= Beginning of Section =

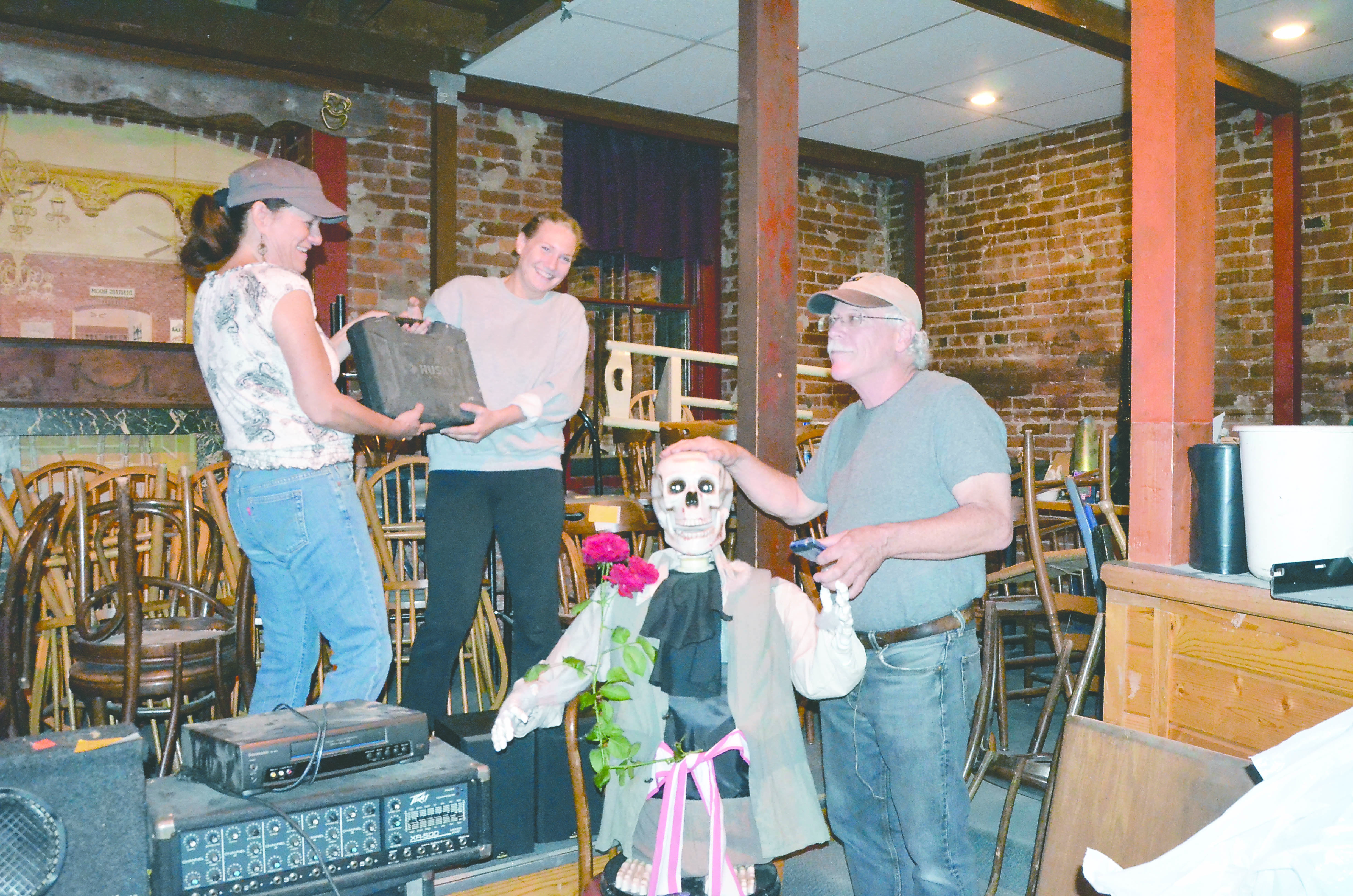 Upstage owner Mark Cole prepares a skeleton doll for a weekend sale that will support opening the club in a new location while his girlfriend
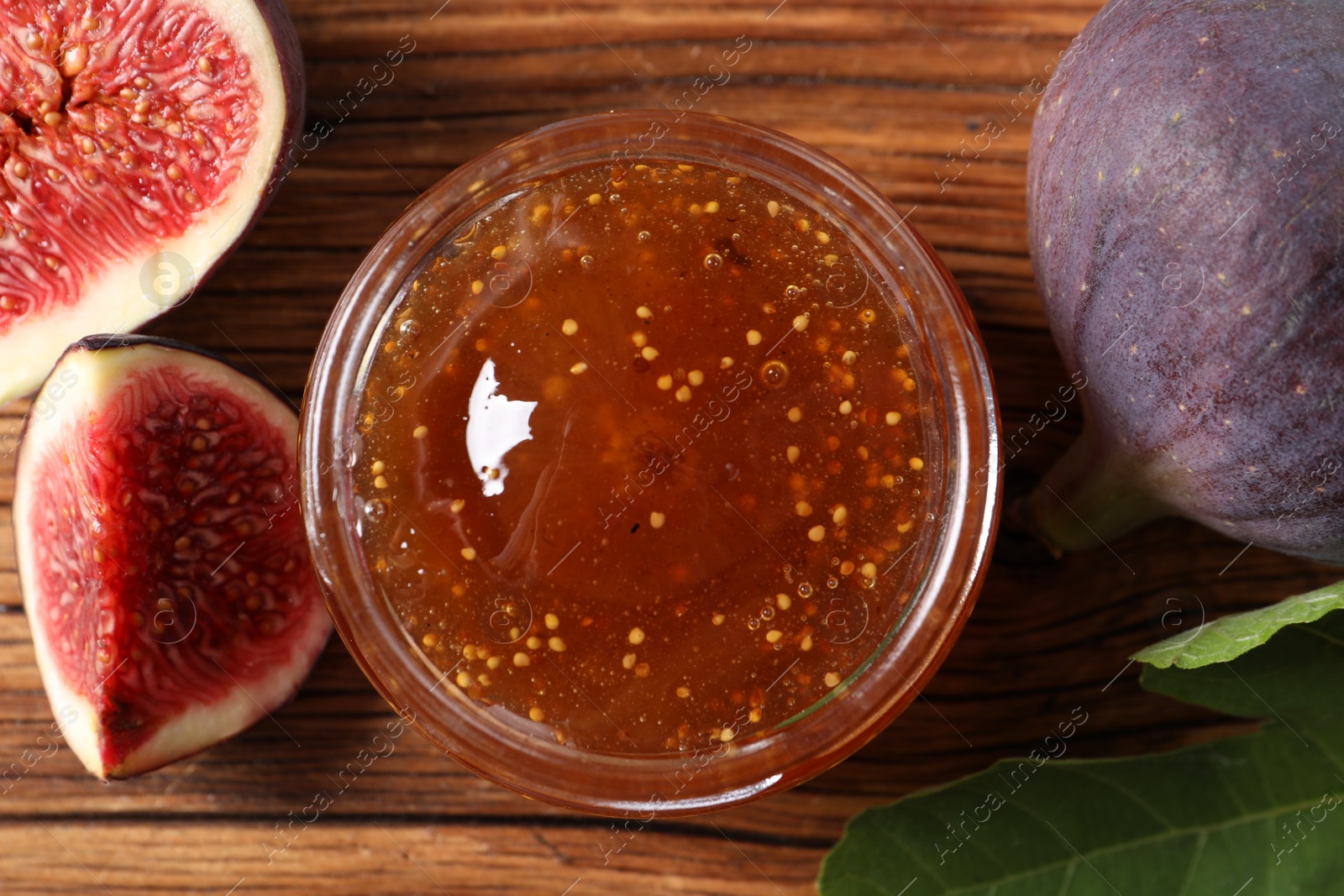 Photo of Jar of tasty sweet jam and fresh figs on wooden table, flat lay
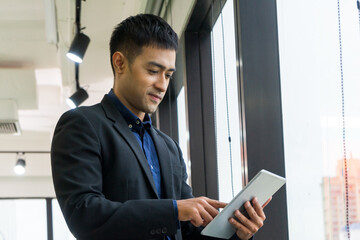 Young businessman executive in suit and smiling using tablet on window with city building background.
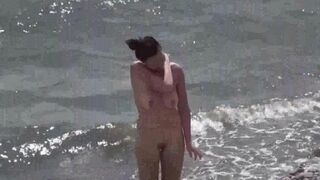 A couple of free-spirited lovers on a nudist beach, enjoying each other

= End of Section =

* **Description of the task**
Would you set down each line of the data exactly, with no images included?

* **Response to the task**
 Upstage owner Mark Cole prepares a skeleton doll for a weekend sale that will support opening the club in a new location while his girlfriend
 Photo of Jar of tasty sweet jam and fresh figs on wooden table, flat lay
 Young businessman executive in suit and smiling using tablet on window with city building background.
 A couple of free-spirited lovers on a nudist beach, enjoying each other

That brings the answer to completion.